So those are the things I am rememering today.  What is it that brought you to the starting line of your own journey?  Are they all physical things like skinny jeans, small shirts, flat stomach, etc?  Or were some of them emotional and mental things that brought you to toe the line for the first time or possibly again?

There is no shame at trying again.  There is honor in it though.  EVERYBODY who succeeds has had to try again.  Mess ups happen, it might be a little easier to get back on track if you remember why you wanted to start this journey in the first place.

01
Feb
10

All set with my food

I finally went grocery shopping.  I have not been but once or twice in two or three months.  I have just been having a heck of a time in life but I finally went.  I got what I needed to stay on track until the race and plan to keep on track after the race.  I am looking forward with much anticipation for being more healthy and being more kind to myself in the future.  I will lose the weight I gained, regain some of the confidence that has been destroyed, and build myself back up.  The world has so much to offer and I will take it in.  All that life has to offer both good and bad.

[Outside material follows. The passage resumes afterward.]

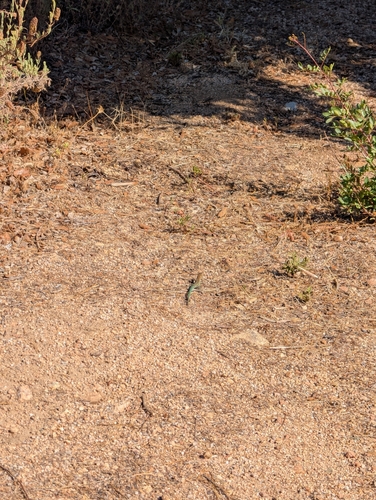 Tyrrhenian Wall Lizard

I feel pretty ok today.  So proud of “starting over”.  I have developed a lot of bad habits again but they can be broken just like they were before.  It is an emergency and at the same time not an emergency.  No reason to panic.  No reason to give up.  Just a bump on the road that brings about the need to reconsider and adjust goals.  All is well.

29
Jan
10

getting close but feeling fat

Ok, I have been eating off of WW and kind of out of control for a while now.  My situation has proved to be more powerful than I thought as far as emotional eating goes.  I have really been doing bad in this area and I have realized that my feelings about myself really good down hill when I am not being good to myself by being healthy in general.  This sucks.  BUT…………..I am getting my goals reorganzied, writing them down, and starting to get more focus again.  It is sooooo hard.  It is one thing to be focused on healthy when you are doing well but when you are feeling bad about yourself it is not so easy you know.  But I shall start up again.  What else can I do.

The race is very close now.  I will leave in less than a week and toe the line in exactly 8 days.  I am nervous much because of my weight gain since my situation broke out and my life turned upside down.  However, I won’t give up.  Sure, my life is upside down and all around, but it is time to regain some momentum for health and being good to myself.  I will need to lose some significant weight.  And I will need to be patient with this.  I am hoping that participating in this 100 mile race will reignite my fire for life and health and weight management.

13
Jan
10

Weight Watchers Weigh-In. A life of persistence.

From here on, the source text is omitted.